Sister Mary White also shared. She said in part:

I have known Sister Barbara for over fifty years, since I was a barely legal high school teacher and she was my eager student. I knew her as a chemistry lab student who almost blew up the lab, and as a talent show participant who chose to do a ballet piece, tutu and all. I knew her in later years as an understanding community treasurer, and for eight years as Congregation Prioress who on at least one occasion was clearly God’s voice for me.

She worked diligently all her religious life. She had just finished her most recent task and was supposed to have a well-deserved Sabbatical time before going on to her next ministry. When she heard her diagnosis she said to me, with her usual humor, “Well, I guess I don’t have to worry about what I am supposed to do next.” When she started turning yellow, she referred to it as her technicolor self and tried not to stand under too bright a light. And in the last days, when she could no longer talk, the glory of God began to shine more and more in her face. I believe she was standing on the edge of eternity and looking in.

Sister Barbara’s brother Michael also spoke. He said in part:

We grew up in Everett, Washington. Our dad ran a grocery store. One of the reasons that we went as far as we could in school, to college, was that we didn’t want to go back and work in the grocery store. We didn’t have TV, but we listened to the radio a lot. One of our favorite songs was “Enjoy Yourself, It’s Later than You Think.” She knew how to enjoy herself. She always loved her work and did a good job.

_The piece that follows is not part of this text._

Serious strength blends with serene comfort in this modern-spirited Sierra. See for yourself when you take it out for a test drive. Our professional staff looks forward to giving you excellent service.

Sister Jane Abell, OP, spoke for the Houston Dominican Sisters. She had come to Adrian, was staying at the Ashram, and had a chance to see Sister Barbara. She said in part:

I want to extend our deep sympathy and prayers to Sister Barbara’s family and to the Adrian community. She was with us for eleven years. I certainly want to underline everything that has been said about her generosity and thoughtfulness--down to the smallest things. She took good care of us.

Sister Helen Burke, a Sister of St. Joseph from Chestnut Hill, Philadelphia, spoke of Sister Barbara’s professional life. She added:

I sent her a birthday card—the Feast of St. Ignatius. I was on retreat at St. Ignatius Retreat House. . . . The card said, “A birthday is like a cat.” You have to know how much she liked cats. Opening the card up, it said, “You wake up one morning and there it is in your face.”

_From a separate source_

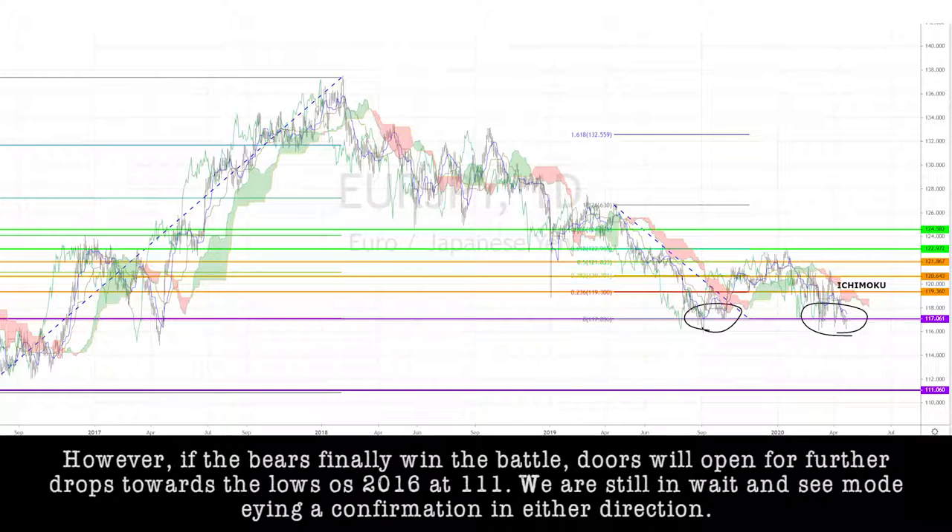However, if the bears finally win the battle, doors will open for further drops towards the lows of 2016 at 111. We are still in the wait-and-see mode, eyeing the confirmation of either direction.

Sister Lee O’Brien, also a Sister of St. Joseph, said:

When Sister Barbara came into a room, we had community. She always had something funny to tell us.

We never had cats around our convent, but after she came we had twelve stray cats. She fed them. There was one black cat that we called Blackie. After Sister Barbara left, we never saw Blackie around. But after she died, there he was at our back door. He wasn’t around for two months, but when she died, there he was.

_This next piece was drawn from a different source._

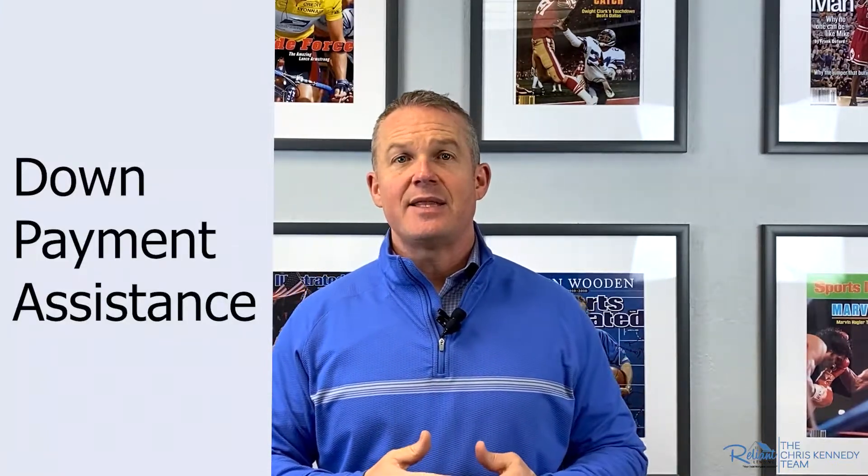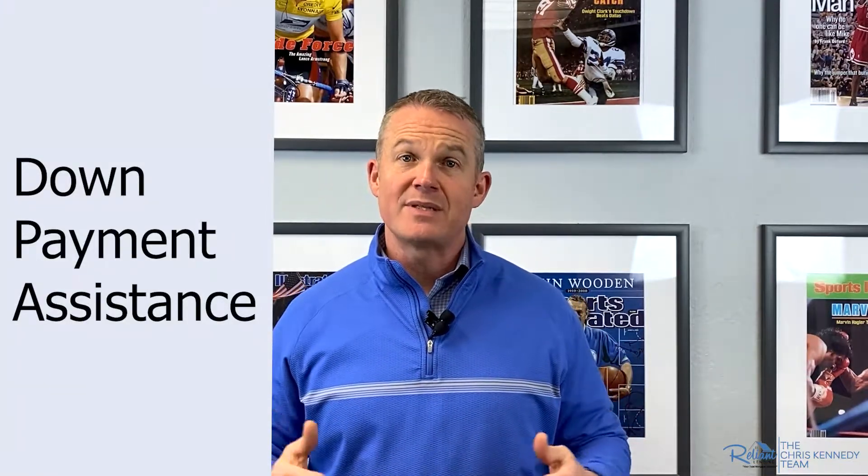Now the big three other options you might not have thought about. The first option would be down payment assistance. This is a very popular program — the state of California puts it out. In a lot of cases you can get your down payment covered using a first and a second program. They also have other programs such as an FHA 100 or a platinum loan — there are all these different ways that you can do down payment assistance.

I just want to emphasize—wherever she was, there was community.

Sister Barbara’s funeral liturgy took place on August 19. Father Robert Kelly, OP, was the presider. Her sister Peggy was the guest pianist. Sister Nadine Foley was the homilist. Among Sister Nadine’s remarks:

We are entitled to ask: What message did this remarkable Dominican woman leave to us? . . . A history of “doing right.” . . . That rightness inspired the many directions she took in her life. . . . She loved goodness. She was a good woman—a very good woman . . . expressed in her love for her family . . . her Dominican family, her beloved Edmonds Dominicans and her Adrian Dominican family which she fully embraced. . . . Her gentleness—she was called to a number of prestigious positions . . . but prestige meant very little to her. . . . Some sentimentalize gentleness as mild, bland, innocuous, reticent. This is a misconception. It has more to do with vigor and conviction, with discernment rather than deference. . . . Her understanding of leadership as found in the group, that it belongs to the group, the leaders are responsible for what happens.

Sister Barbara chose to die in Adrian. She now lies at rest in the cemetery laid out in circles by Mother Camilla Madden many years ago.